Icon View Thread

The following is the text of the current message along with any replies.
Messages 1 to 10 of 16 total
Thread grouping questions (retesting case with 1.4b4)
Sun, Jul 1 2007 6:33 AMPermanent Link

"Harry de Boer"
EDB 1.04b4 (retesting grouping case with 1.4b2: testfiles then already send
to binaries)
----------------------------------------------------------------------------
-----------

SELECT id_medewerker, id_campagne, aanvang, einde,
CAST((einde - aanvang) HOUR TO MINUTE AS VARCHAR(20)) as bt
FROM registraties
where id_medewerker = '20020'
and id_campagne = 'PAUZE'

results in a total time (bt) of 5 hours and 16 minutes (when I add the bt
column values).

SELECT id_medewerker, id_campagne,
CAST((max(einde) - min(aanvang)) HOUR TO MINUTE AS VARCHAR(20)) as bt
FROM registraties
group by id_campagne, id_medewerker
having id_medewerker = '20020' and id_campagne='PAUZE'

or

SELECT id_medewerker, id_campagne,
CAST((max(einde) - min(aanvang)) HOUR TO MINUTE AS VARCHAR(20)) as bt
FROM registraties
where id_medewerker = '20020' and id_campagne='PAUZE'
group by id_campagne, id_medewerker

results in a total time (bt) of 5 hours and zero minutes (incorrect)

Questions:
A: is this a bug or am I doing something wrong?
B: if I am wrong: what should be the correct statement?
C: the result of 'having' and 'where' clauses are the same.

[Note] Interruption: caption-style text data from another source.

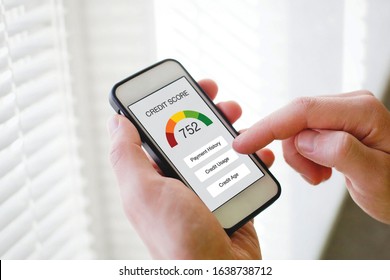 credit score concept on the screen of smart phone, checking payment history and ranking in bank online - Shutterstock ID 1638738712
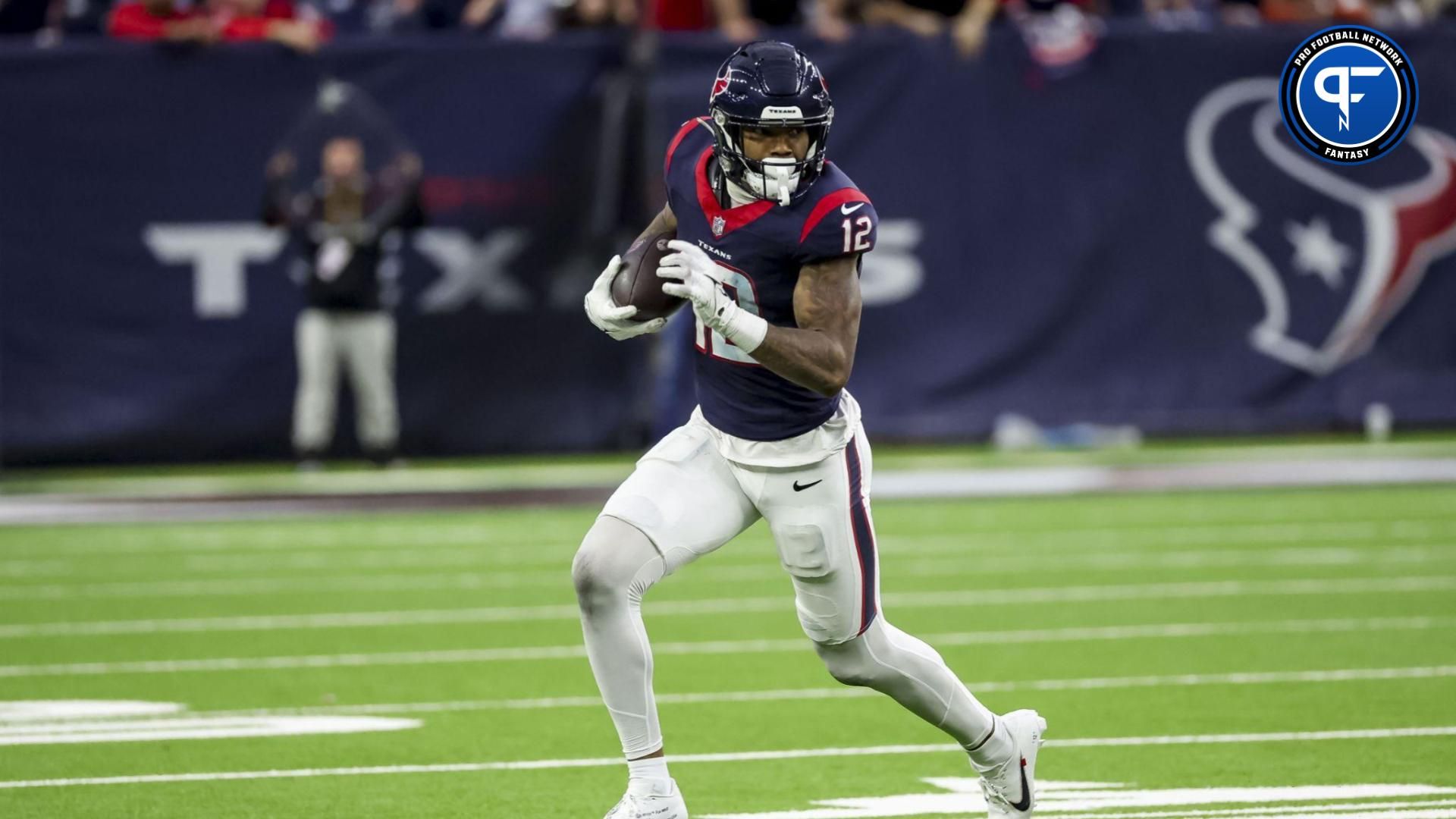 Houston Texans wide receiver Nico Collins (12) runs with the ball during the second quarter in a 2024 AFC wild card game at NRG Stadium.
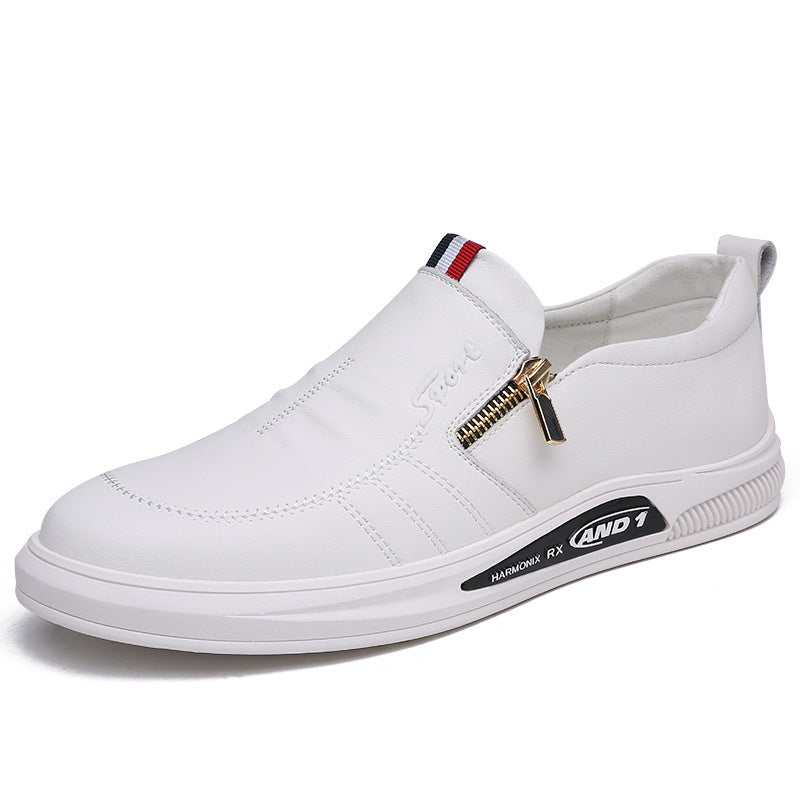 White slip-on shoe with a gold zipper on a white background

I thought there
should be a difference (reading the help). Could you explain it some more?
D: why (if the results indeed should be the same) is there an enormous speed
advantage in using the 'where' clause?

Regards, Harry

Mon, Jul 2 2007 12:18 PMPermanent Link

Tim Young [Elevate Software]

Elevate Software, Inc.

Avatar

Email timyoung@elevatesoft.com

Harry,

Run this to see what the min/max values are:

SELECT id_medewerker, id_campagne,
min(aanvang) as bt1,
max(einde) as bt2
FROM registraties
group by id_campagne, id_medewerker
having id_medewerker = '20020' and id_campagne='PAUZE'

<< results in a total time (bt) of 5 hours and 16 minutes (when I add the bt
column values). >>

Yes, but that's not what you're doing in the other queries - you're using a
min/max subtraction.  What you want is this:

SELECT id_medewerker, id_campagne,
CAST(SUM((einde - aanvang) HOUR TO MINUTE) AS VARCHAR(20)) as bt
FROM registraties
group by id_campagne, id_medewerker
having id_medewerker = '20020' and id_campagne='PAUZE'

But, I also believe the correct time is 4:16, or at least it is with the
data that you gave me originally.

--
Tim Young
Elevate Software
www.elevatesoft.com

Mon, Jul 2 2007 6:12 PMPermanent Link

"Ole Willy Tuv"
Tim,

<< Run this to see what the min/max values are:

SELECT id_medewerker, id_campagne,
min(aanvang) as bt1,
max(einde) as bt2
FROM registraties
group by id_campagne, id_medewerker
having id_medewerker = '20020' and id_campagne='PAUZE' >>

Filtering before grouping, i.e. using the WHERE clause instead of the HAVING
clause, is significantly faster with EDB:

select
 id_medewerker,
 id_campagne,
 min(aanvang) as bt1,
 max(einde) as bt2
from registraties
where id_medewerker = '20020' and id_campagne='PAUZE'
group by id_campagne, id_medewerker

Ole Willy Tuv

Mon, Jul 2 2007 6:49 PMPermanent Link

Tim Young [Elevate Software]

Elevate Software, Inc.

Avatar

Email timyoung@elevatesoft.com

Ole,

<< Filtering before grouping, i.e. using the WHERE clause instead of the
HAVING clause, is significantly faster with EDB: >>

The WHERE clause basically causes only a few rows to be grouped, as opposed
to the whole table with the HAVING.

--
Tim Young
Elevate Software
www.elevatesoft.com

Mon, Jul 2 2007 7:08 PMPermanent Link

"Ole Willy Tuv"
Tim,

<< The WHERE clause basically causes only a few rows to be grouped, as
opposed to the whole table with the HAVING. >>

Yes, I know. The suggestion to filter rows in the WHERE clause (whenever
possible) was an optimization tip Smile

Ole Willy Tuv

Tue, Jul 3 2007 4:05 AMPermanent Link

"Harry de Boer"
Tim,

I see now: the statement I used was indeed incorrect (that's why I also
asked: am I doing it the right way? - well, got my answer nowSmile You're
right about the 4 hour 16 minutes. That's the correct result. Thanks.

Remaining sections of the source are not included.